* TASK DESCRIPTION
Copy the records exactly, leaving out every picture.
-----
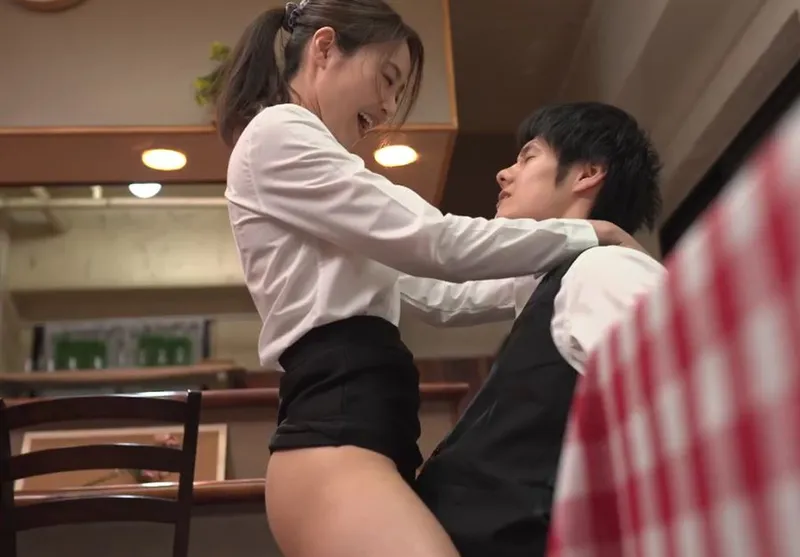 Cậu trai trẻ nắc đồng nghiệp nữ làm chung công ty có anh xã nhưng ông xã “yếu”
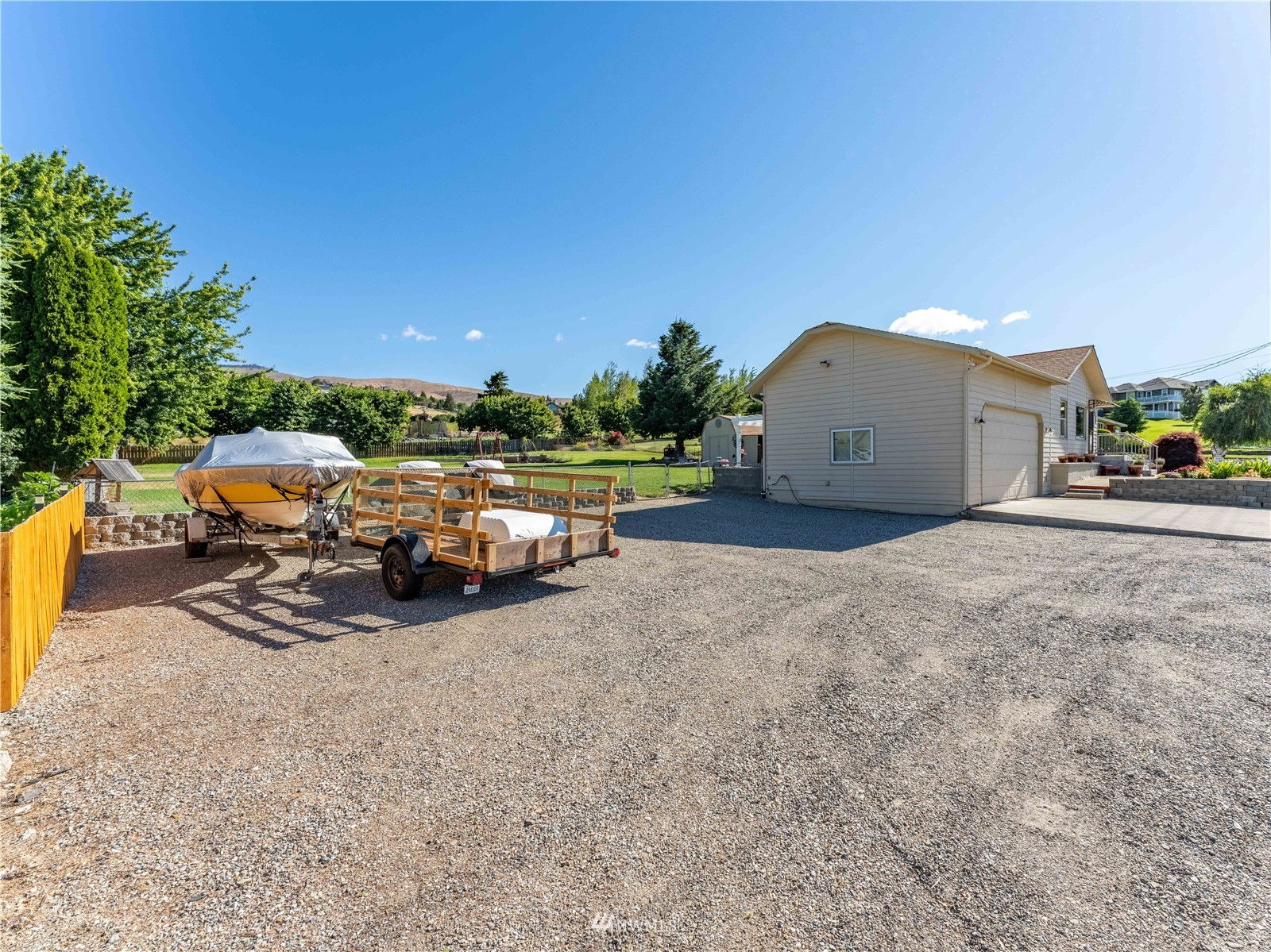 1214 American Fruit Road Wenatchee, WA 98801 - Photo 6 of 37 Gallery Image 6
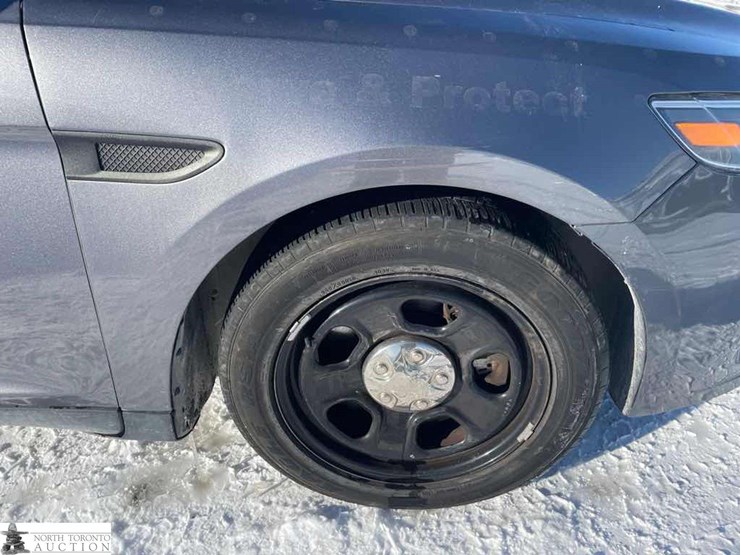 2017-ford-taurus-police-inte-image-18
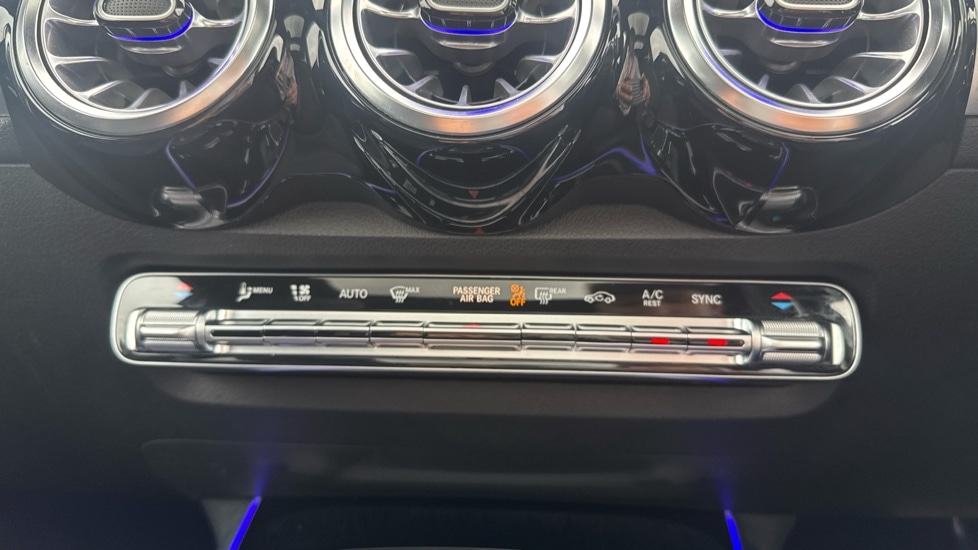 Used Mercedes-Benz GLB 2023 for sale - 77025372: Photo 34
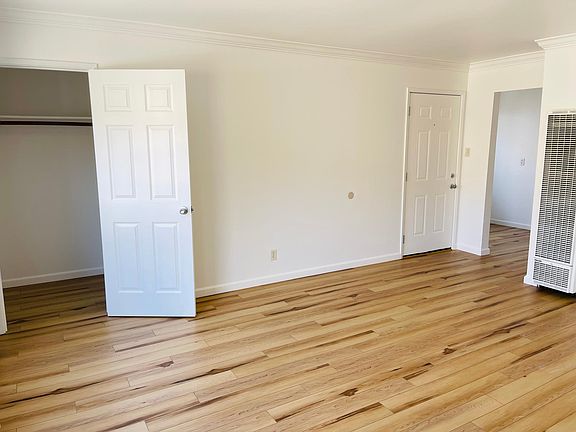 3rd image of 112 Madrone Ave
-----
* EXERCISE ANSWER
 Cậu trai trẻ nắc đồng nghiệp nữ làm chung công ty có anh xã nhưng ông xã “yếu”
 1214 American Fruit Road Wenatchee, WA 98801 - Photo 6 of 37 Gallery Image 6
 2017-ford-taurus-police-inte-image-18
 Used Mercedes-Benz GLB 2023 for sale - 77025372: Photo 34
 3rd image of 112 Madrone Ave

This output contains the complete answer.